* SUPPLIED RECORDS *
□ □ □ □

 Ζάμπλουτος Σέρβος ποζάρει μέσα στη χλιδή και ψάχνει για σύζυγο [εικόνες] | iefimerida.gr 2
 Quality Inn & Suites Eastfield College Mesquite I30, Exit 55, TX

□ □ □ □

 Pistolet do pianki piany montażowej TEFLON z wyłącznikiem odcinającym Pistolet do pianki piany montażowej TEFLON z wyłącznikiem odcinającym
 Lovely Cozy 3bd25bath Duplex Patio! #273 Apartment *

□ □ □ □

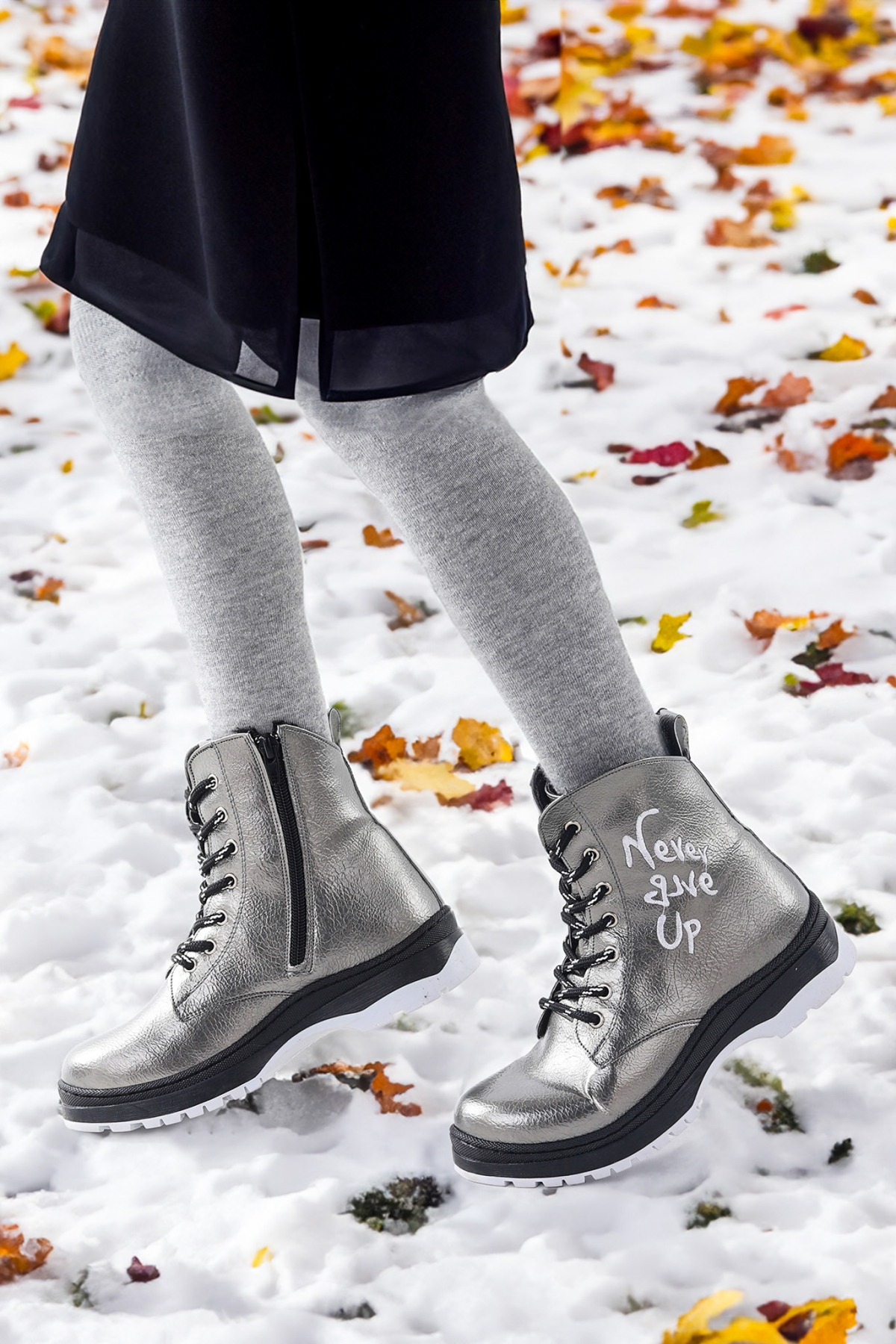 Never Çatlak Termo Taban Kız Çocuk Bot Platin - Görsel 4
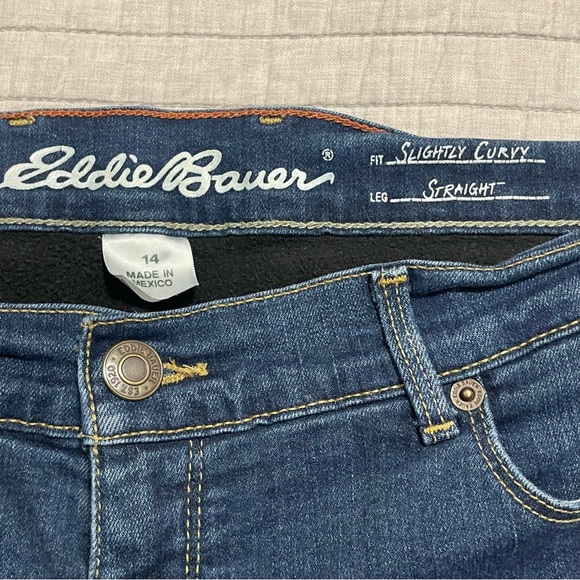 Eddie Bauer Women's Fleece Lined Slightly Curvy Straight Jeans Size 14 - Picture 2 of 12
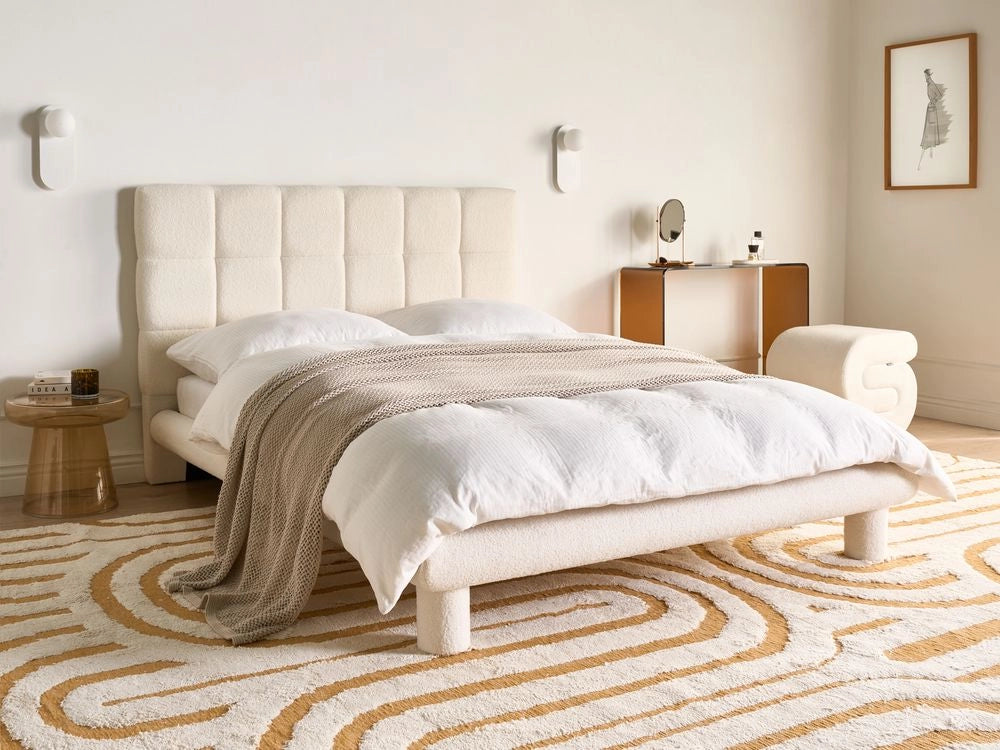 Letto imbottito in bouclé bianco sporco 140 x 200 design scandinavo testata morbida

□ □ □ □

* ASSIGNED TASK *
The lines to reproduce run from the one above containing "Eddie Bauer Women's" through the one containing "Letto imbottito in". Copy them exactly and leave out all pictures.

* RESPONSE FOR THIS EXERCISE *
 Eddie Bauer Women's Fleece Lined Slightly Curvy Straight Jeans Size 14 - Picture 2 of 12
 Letto imbottito in bouclé bianco sporco 140 x 200 design scandinavo testata morbida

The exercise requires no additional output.